If I underwent the surgery, would that make me less of a feminist? And if I became less of a feminist, what standard would my feminism be measured against: white women’s?

My doubts didn’t stop me from scheduling a consultation with a fancy Long Island doctor in late 2014. My mother and I drove to his plush office, where I had to remove everything from the waist down and lie back on an examination table while the doctor used what looked like a Popsicle stick to poke my labia to show my mother and the nurse where incisions could be made to make me symmetrical. I felt like I wasn’t in the room as a whole person. No one made eye contact with me even though one of the most vulnerable parts of my body was being scrutinized. After I dressed, my mother and I were directed into the doctor’s office, where he showed us before and after photos of past patients, before going off topic, chatting at length about his views on terrorism and his son’s active service overseas. I was stunned. I mean, this was my vagina that we were talking about, a vagina that had yet to be penetrated or give birth to a child. A vagina that, for lack of a better word, had not been used. My vagina was wholly private, wholly mine, which made me feel all the more vulnerable about this process. The doctor’s assistant, his blonde and well-groomed wife, assured us that everything would be fine before giving me a student discount for good measure.

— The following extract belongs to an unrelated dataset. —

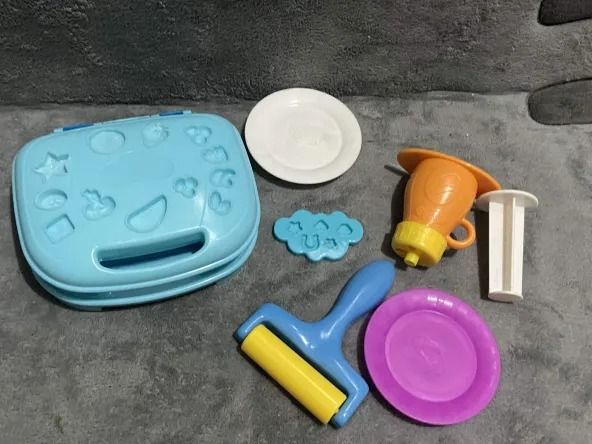 Play-Doh Waffle Breakfast Maker Set clay take all bundle toy set (Category: Kids Toys) located in Valenzuela. Submitted by feur.u (Listing ID 1439018242, Image 3). Description: - Play-Doh Waffle Maker Set - Includes a blue and light blue waffle maker - Features waffle and shape molds - Comes with a rolling pin, press, and other tools - No play doh included.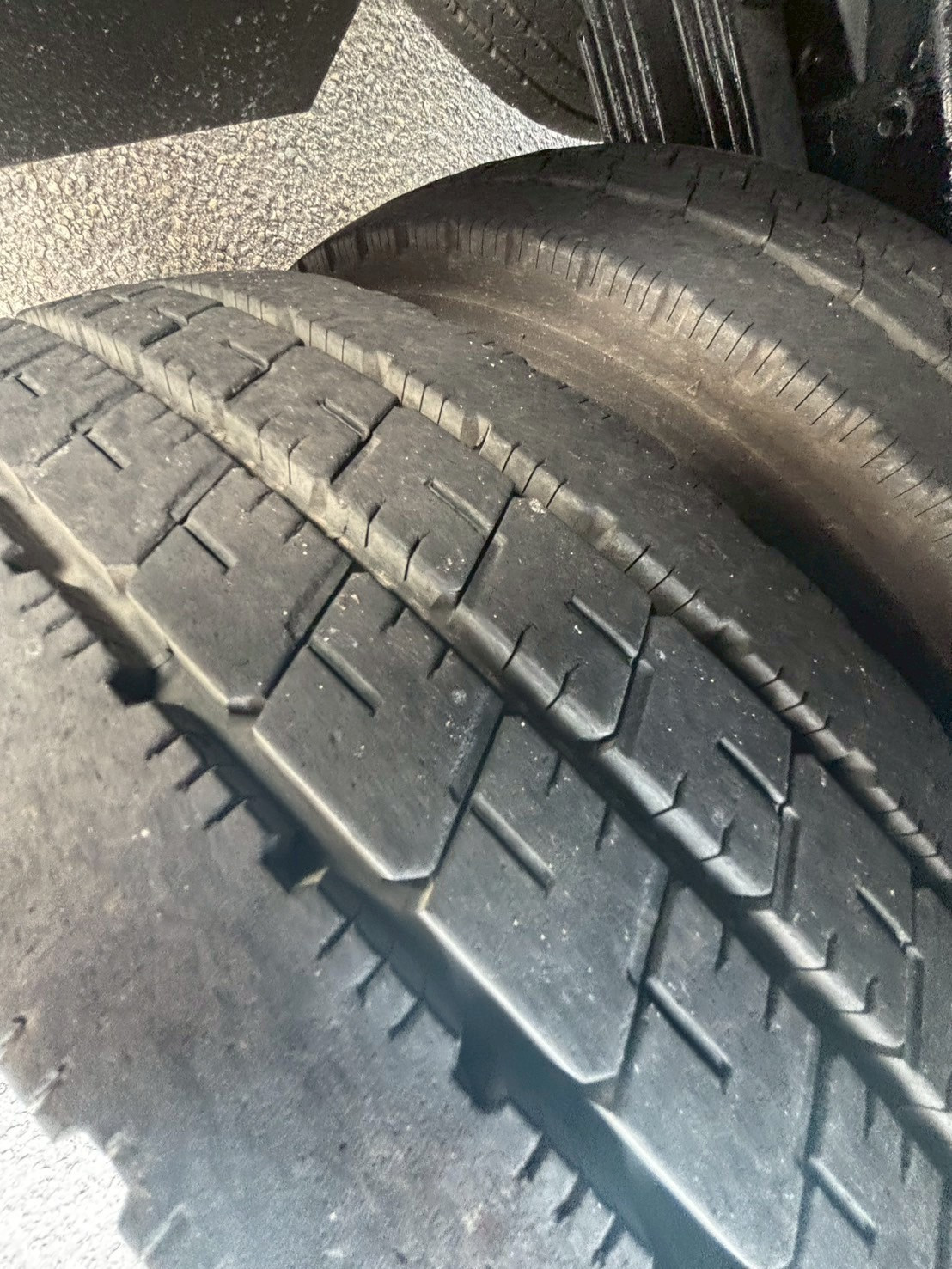 いすゞ エルフ BKG-NKR85Nの写真25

It took me over a year, and much discussion with my mother, to decide whether I would go through with the surgery. The same thoughts kept swirling in my head: Was I a bad feminist if I went through with the surgery? What if the only reason I wanted it was because I was worried about what some man would think? What if the pain was all psychological, a direct result of my insecurity dealing with the body that God gave me? Why couldn’t I just deal with the pain? I wasn’t suffering from some chronic illness. I didn’t have cancer. I didn’t have gangrene or hepatitis B. Why couldn’t I suck it up? The pain was not impairing my life at all. My foremothers had gone through far worse, and I had the nerve to care about some extra skin between my legs. That’s not strength, I thought, that’s cowardice. Then I remembered all the times I’d had to skillfully maneuver the lower half of my body while in the midst of conversation so that no one would think that there was something wrong with me. I thought about frequent bathroom trips and the subsequent pain whenever I tried to readjust. I relived the thick of summer when I was both hot and sore, when time would pass me by as I sat with my legs splayed across the floor. I didn’t tell anyone other than the man who I was starting to date about my imminent surgery.